Outre le fait de ne sentir aucune empathie pour « l’héroïne », on va aussi avoir droit à notre lot de personnages tous plus dépressifs les uns que les autres et parfois à peine esquissés, avec juste leur prénom d’évoquer. De ce fait, on se perd complètement dans l’arborescence des protagonistes. Nora a une filleule, une tante, et quelques amis, mais on se perd dans les prénoms et du coup, on n’aura aucune attache particulière. Même Keith, le voisin, n’aura que peu d’intérêt, si ce n’est d’être harcelé et de cacher un secret que l’on connait d’avance. L’auteure ne s’attache pas vraiment à ses personnages, mais plutôt aux décors de son roman et à certains lieux. Par exemple, on aura droit à de grandes descriptions de la Cornouailles ou d’autres lieux emblématiques de l’Angleterre. Malgré tout, cela ne servira pas à grand-chose dans l’histoire si ce n’est instaurer une ambiance assez froide, voire carrément mélancolique. Et si d’un côté cette ambiance contribue à notre ressenti un peu horrifique, on ressentira aussi une grande lassitude. C’est très lent, c’est très dépressif et au final, on s’ennuie ferme dans cette lecture.

Fort heureusement, l’auteure possède un joli style et arrive à garder le suspens de façon assez constante grâce à un rythme soutenu de chapitres très courts (parfois une page). Du coup, le roman se lit assez vite et on reste accroché aux lignes pour savoir le dénouement de cette histoire. Un dénouement qui risque fort de décevoir aussi et pour une bonne raison, il est impossible pour le lecteur de deviner qui est vraiment l’assassin. Flynn Berry s’évertue à brouiller les pistes, essayant de faire croire qu’un tel ou un tel est un possible suspect, mais la résolution sera inopinée et fera intervenir une sorte de Deux Ex Machina improbable, ou tout du moins imprévisible et donc indétectable pour le lecteur. Et le plaisir dans un roman policier ou un thriller, est de tenter de découvrir qui est le possible assassin parmi les personnages que l’on a croisés, mais lorsque celui-ci nous rouble avec un diable qui sort de sa boîte, c’est relativement frustrant. Et c’est le cas ici.
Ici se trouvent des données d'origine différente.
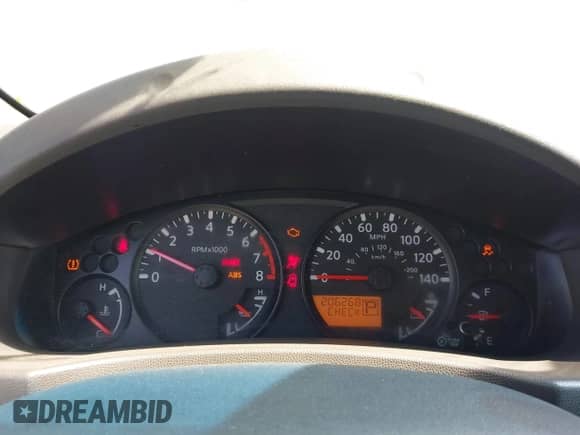 2012 Nissan Frontier S with VIN 1N6BD0CT6CC470973, listed as a IAAI auction lot 42835664 with 206,268 mi miles and . Bid and sale history available at DreamBid. Image 7.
Au final, L’Assassin de ma Sœur est un roman qui balance entre le policier classique et le thriller horrifique à tendance « whodunit » mais sans réel génie. On reste dans une histoire très classique, qui existe grâce à un certain talent d’écriture et un rythme plutôt soutenu au niveau de la longueur des chapitres, donnant l’impression d’être dans un page turner basique. Bref, un roman dont les droits ont été achetés pour en faire une série, mais on a peu hâte de voir ce que cela va donner.